Does pytorch do eager pruning of its computational graph?

Question

This is a very simple example:

import torch

x = torch.tensor([1., 2., 3., 4., 5.], requires_grad=True)
y = torch.tensor([2., 2., 2., 2., 2.], requires_grad=True)
z = torch.tensor([1., 1., 0., 0., 0.], requires_grad=True)

s = torch.sum(x * y * z)
s.backward()

print(x.grad)

This will print,

tensor([2., 2., 0., 0., 0.]),

since, of course, ds/dx is zero for the entries where z is zero.

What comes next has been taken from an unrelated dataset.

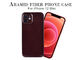 couverture mobile de fibre de Kevlar Aramid de couleur rouge d'iPhone 14, cas de téléphone portable de fibre de carbone pour l'iPhone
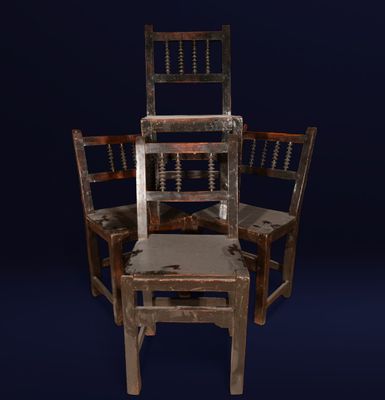 a wooden chair with a wooden seat and a wooden seat on a dark blue background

My question is: Is pytorch smart and stop the computations when it reaches a zero? Or does in fact do the calculation "2*5", only to later do "10 * 0 = 0"?

In this simple example it doesn't make a big difference, but in the (bigger) problem I am looking at, this will make a difference.

Thank you for any input.

Answer 1

No, pytorch does no such thing as pruning any subsequent calculations when zero is reached. Even worse, due to how float arithmetic works all subsequent multiplication by zero will take roughly the same time as any regular multiplication.

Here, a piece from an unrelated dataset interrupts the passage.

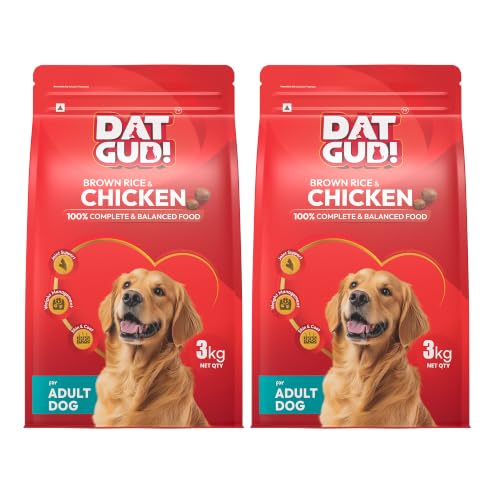 Image of DatGud Adult Dry Dog Food, Chicken & Brown Rice, 6 kg(3 kg + 3 kg Free) | Complete & Balanced Nutrition | Weight Management Support | Glucosamine for Joints | Easy Digestion | Healthy Skin & Coat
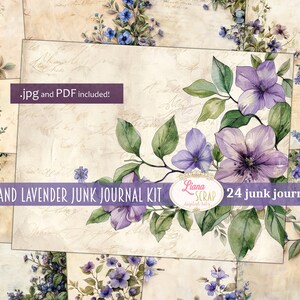 Pode incluir: Um kit de diário de sucata digital com 24 páginas com desenhos florais em aquarela bege e lavanda. O kit inclui arquivos .jpg e PDF.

For some cases there are ways around it though, for example if you want to use a masked loss you can just set the masked outputs to be zero, or detach them from gradients.

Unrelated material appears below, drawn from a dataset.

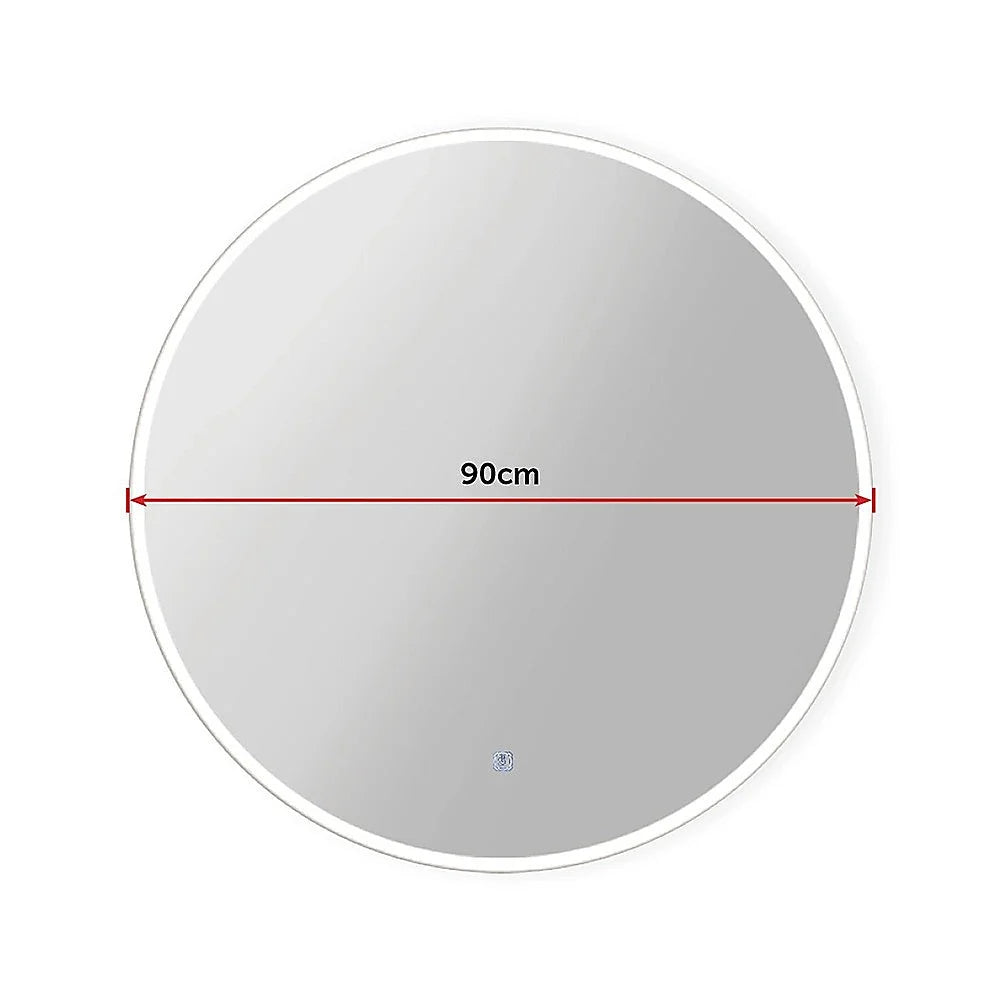 LED Wall Mirror 90cm Round Bathroom Mirror with Light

This example makes the difference clear:

def time_backward(do_detach):
    x = torch.tensor(torch.rand(100000000), requires_grad=True)
    y = torch.tensor(torch.rand(100000000), requires_grad=True)
    s2 = torch.sum(x * y)
    s1 = torch.sum(x * y)
    if do_detach:
        s2 = s2.detach()
    s = s1 + 0 * s2
    t = time.time()
    s.backward()
    print(time.time() - t)

time_backward(do_detach= False)
time_backward(do_detach= True)

outputs:

0.502875089645
0.198422908783